HDU-2586(LCA)

How far away ？

Time Limit: 2000/1000 MS (Java/Others) Memory Limit: 32768/32768 K (Java/Others)

Total Submission(s): 32298 Accepted Submission(s): 13051

Problem Description

There are n houses in the village and some bidirectional roads connecting them. Every day peole always like to ask like this “How far is it if I want to go from house A to house B”? Usually it hard to answer. But luckily int this village the answer is always unique, since the roads are built in the way that there is a unique simple path(“simple” means you can’t visit a place twice) between every two houses. Yout task is to answer all these curious people.

Input

First line is a single integer T(T<=10), indicating the number of test cases.

For each test case,in the first line there are two numbers n(2<=n<=40000) and m (1<=m<=200),the number of houses and the number of queries. The following n-1 lines each consisting three numbers i,j,k, separated bu a single space, meaning that there is a road connecting house i and house j,with length k(0<k<=40000).The houses are labeled from 1 to n.

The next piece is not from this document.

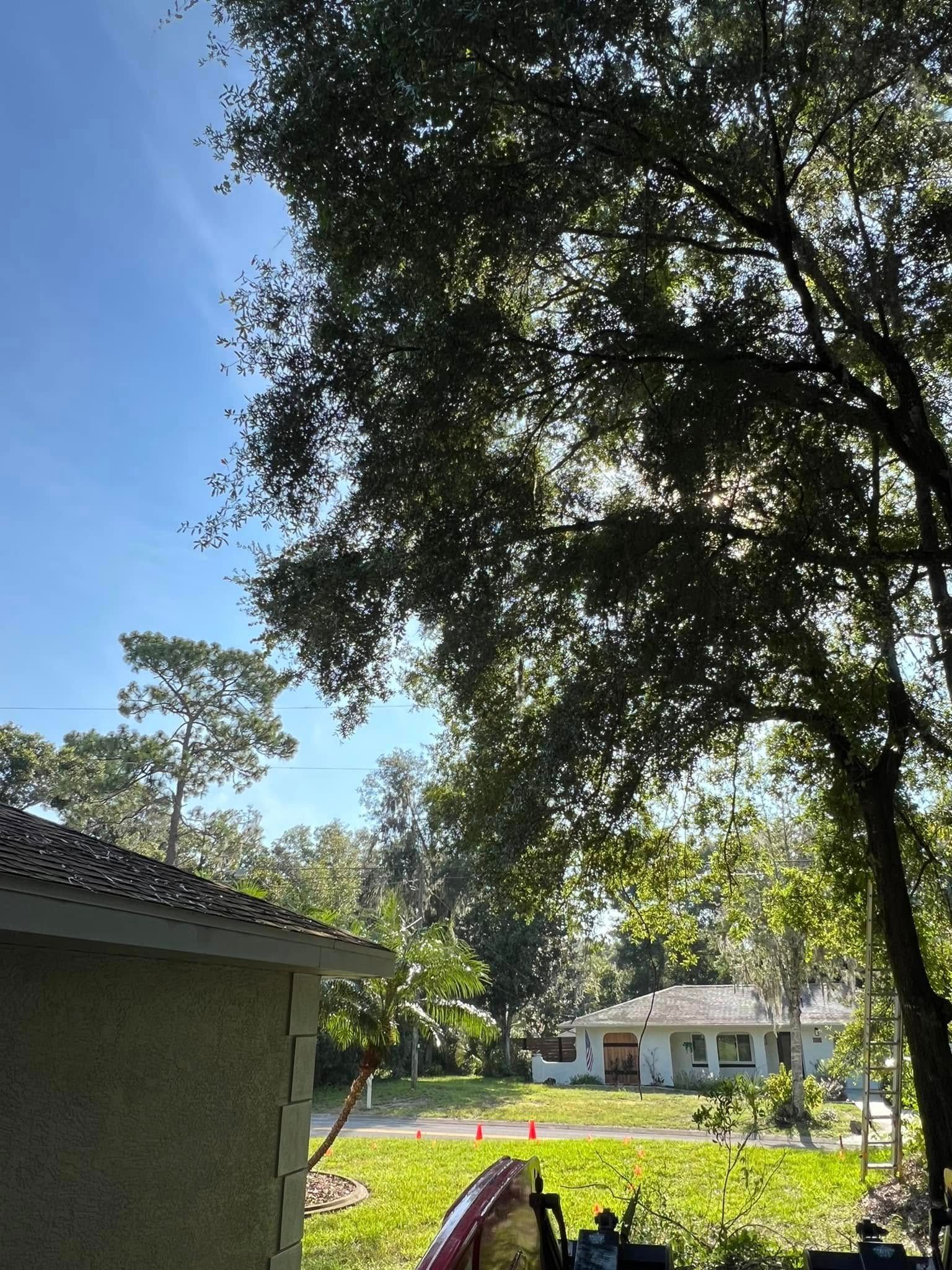 A sunny outdoor scene with a house and trees. Green grass and blue sky.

Next m lines each has distinct integers i and j, you areato answer the distance between house i and house j.

Output

For each test case,output m lines. Each line represents the answer of the query. Output a bland line after each test case.

Sample Input

2
3 2
1 2 10
3 1 15
1 2
2 3

2 2
1 2 100
1 2
2 1
           

Sample Output

10
25
100
100
           

Source

ECJTU 2009 Spring Contest

題目大意為：先給出一棵樹，然後求出這棵樹中兩個點之間的距離。

解題思路：這道題是一個LCA的模闆題，我們先在給出的樹中先求出該點到根節點的距離，這就相當于一個字首和，然後我們在求出兩個點的最近公共祖先，然後再将兩個結點到根節點的距離相加在減去他們公共祖先到根節點的距離的2倍就得到了這兩個結點之間的距離拉。

代碼：

#include <bits/stdc++.h>
using namespace std;
const int maxn=1e6+7;
const int inf=0x3f3f3f3f;
#define int long long
struct edge
{
    int v,w,next;
}e[maxn];
int cnt,head[maxn];
void add(int a,int b,int c)
{
    e[++cnt]=edge{b,c,head[a]};
    head[a]=cnt;
}
int dis[maxn],fa[maxn][20],lg[maxn],depth[maxn],n,m;
void init()
{
    for(int i=1;i<40010;i++){
        lg[i]=lg[i-1]+((1<<lg[i-1])==i);
    }
}
void dfs(int u,int f)
{
    depth[u]=depth[f]+1;
    fa[u][0]=f;
    for(int i=1;i<lg[depth[u]];i++){
        fa[u][i]=fa[fa[u][i-1]][i-1];
    }
    for(int i=head[u];i;i=e[i].next){
        int v=e[i].v,w=e[i].w;
        if(v==f)continue;
        dis[v]=dis[u]+w;
        dfs(v,u);
    }
}
int lca(int a,int b)
{
    if(depth[a]<depth[b]){
        swap(a,b);
    }
    while(depth[a]>depth[b]){
        int k=lg[depth[a]-depth[b]]-1;
        a=fa[a][k];
    }
    if(a==b)return a;
    for(int i=lg[depth[a]]-1;i>=0;i--){
        if(fa[a][i]!=fa[b][i]){
            a=fa[a][i],b=fa[b][i];
        }
    }
    return fa[a][0];
}
void debug()
{
    for(int i=1;i<=n;i++){
        for(int j=0;j<lg[depth[i]];j++)cout<<fa[i][j]<<' ';cout<<endl;
    }
}
signed main()
{
    int t;
    cin>>t;
    init();
    while(t--){
        //int n,m;
        cin>>n>>m;
        //scanf("%d%d",&n,&m);
        memset(head,0,sizeof head);
        //memset(dis,0,sizeof dis);
        cnt=0;
        for(int i=1;i<n;i++){
            int u,v,w;
            cin>>u>>v>>w;
            //scanf("%d%d%d",&u,&v,&w);
            add(u,v,w);add(v,u,w);
        }
        dfs(1,0);
        //debug();
        while(m--){
            int a,b;
            cin>>a>>b;
            //scanf("%d%d",&a,&b);
            int x=lca(a,b);
            //cout<<"lca="<<x<<endl;
            cout<<dis[a]+dis[b]-2*dis[x]<<endl;
        }
    }
}